On Saturday we stopped on the way home to visit a man living in a beautiful compound. The first thing I noticed was Noam Chomsky on the sizable bookshelf, then the flatscreen and the white reclining couches. He’s a retired diplomat who has lived all over the world but chose to retire to Karagwe, his home. Exclaiming over the magnificent scenery, I was brought up short when he said that scenery doesn’t matter when you’re poor, that lack of infrastructure requires these people to haul water and produce up and down those sheer, picturesque hills, that even if power lines were to mar the vistas, the villagers wouldn’t be able to afford electricity. Reading my book that same night I came across the quote I opened with.
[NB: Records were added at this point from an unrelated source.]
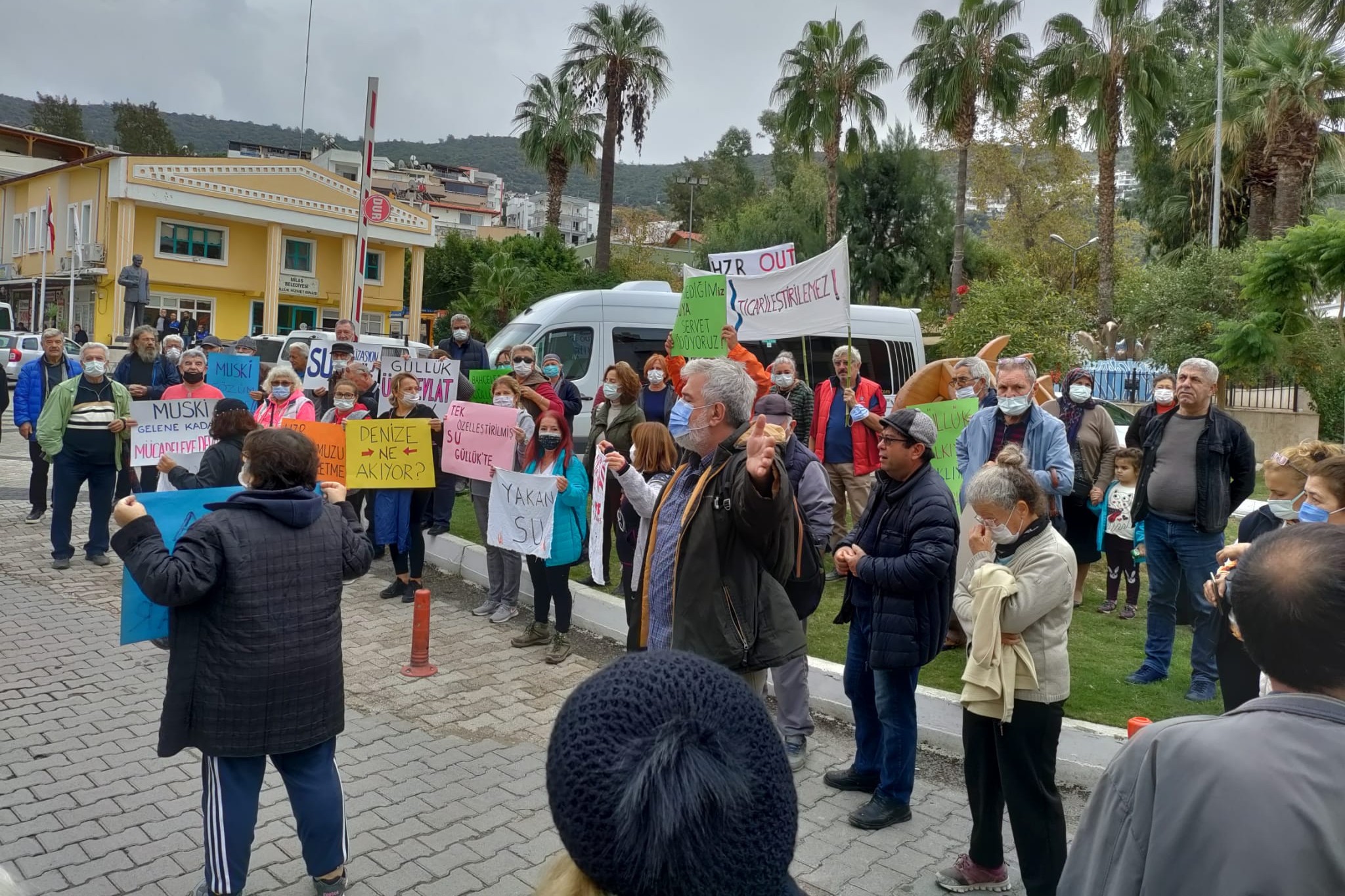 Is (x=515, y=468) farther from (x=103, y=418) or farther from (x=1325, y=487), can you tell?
(x=1325, y=487)

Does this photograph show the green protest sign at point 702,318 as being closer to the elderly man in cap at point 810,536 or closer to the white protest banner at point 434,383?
the white protest banner at point 434,383

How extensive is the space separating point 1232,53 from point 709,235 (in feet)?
67.3

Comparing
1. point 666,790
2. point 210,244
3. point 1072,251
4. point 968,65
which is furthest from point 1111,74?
point 210,244

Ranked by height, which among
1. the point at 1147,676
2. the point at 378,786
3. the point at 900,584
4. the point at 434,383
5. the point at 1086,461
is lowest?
the point at 378,786

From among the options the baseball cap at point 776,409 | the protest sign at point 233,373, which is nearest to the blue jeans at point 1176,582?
the baseball cap at point 776,409

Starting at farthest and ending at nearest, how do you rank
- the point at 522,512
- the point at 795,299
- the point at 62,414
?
the point at 795,299 → the point at 62,414 → the point at 522,512

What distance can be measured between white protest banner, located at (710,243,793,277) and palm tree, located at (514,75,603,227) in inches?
1266

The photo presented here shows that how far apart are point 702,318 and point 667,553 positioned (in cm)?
586

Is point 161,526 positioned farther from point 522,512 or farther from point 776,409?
point 776,409

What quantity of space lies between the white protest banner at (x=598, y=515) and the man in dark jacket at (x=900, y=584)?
5.66 feet

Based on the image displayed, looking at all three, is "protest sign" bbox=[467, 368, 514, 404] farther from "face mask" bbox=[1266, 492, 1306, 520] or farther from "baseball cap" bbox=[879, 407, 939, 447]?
"face mask" bbox=[1266, 492, 1306, 520]

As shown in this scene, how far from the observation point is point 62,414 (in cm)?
891

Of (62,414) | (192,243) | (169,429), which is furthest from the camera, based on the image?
(192,243)

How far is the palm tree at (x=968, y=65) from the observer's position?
31844 mm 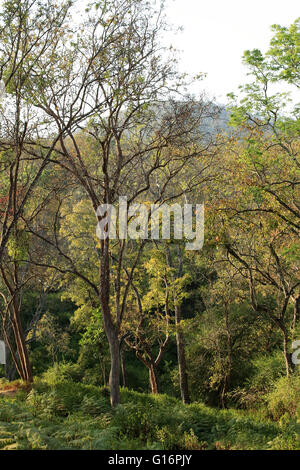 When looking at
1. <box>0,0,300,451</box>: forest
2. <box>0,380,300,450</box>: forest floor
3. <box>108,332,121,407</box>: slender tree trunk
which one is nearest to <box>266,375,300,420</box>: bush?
<box>0,0,300,451</box>: forest

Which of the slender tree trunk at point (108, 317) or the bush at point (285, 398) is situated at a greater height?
the slender tree trunk at point (108, 317)

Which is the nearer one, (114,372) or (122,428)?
(122,428)

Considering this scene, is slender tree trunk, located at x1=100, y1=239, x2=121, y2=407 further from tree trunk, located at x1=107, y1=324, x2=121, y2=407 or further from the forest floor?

I don’t like writing these things any more than I liked seeing them. I don’t feel holier-than-thou with solutions and reasons and having been the person taking that picture of poverty. But I guess it’s part of the story too. It’s just as real as dancing and clapping and laughing and skinny cows and banana disease and drunk driving and crappy roads and entrepreneurial women making wine and donuts and loving parents and people who do talk to their children, every day, and girls who climb onto your lap and speak fluent Swahili at the age of 4, and dishevelled clothing and dropping out of school and rape and the difficult coffee markets and strong women mentoring their communities and orphans growing their own food and husband-wife teams and social isolation and the divide between rich and poor. It’s all real, so real most of us close our hearts to it, so the real challenge is to face it head on, I guess, and don’t block it out. But not to revel in poverty like we’ve been anointed to save the world. It’s a fine line. Actually, I’m pretty sure it’s invisible, and who can contend with that?

 

*Ironically enough I am now working somewhat closely with World Vision, and just the other day got to hear about the developing-country side of the child-sponsorship funding mechanism. I hope to visit a Canadian-sponsored Area Development Program within the next few weeks.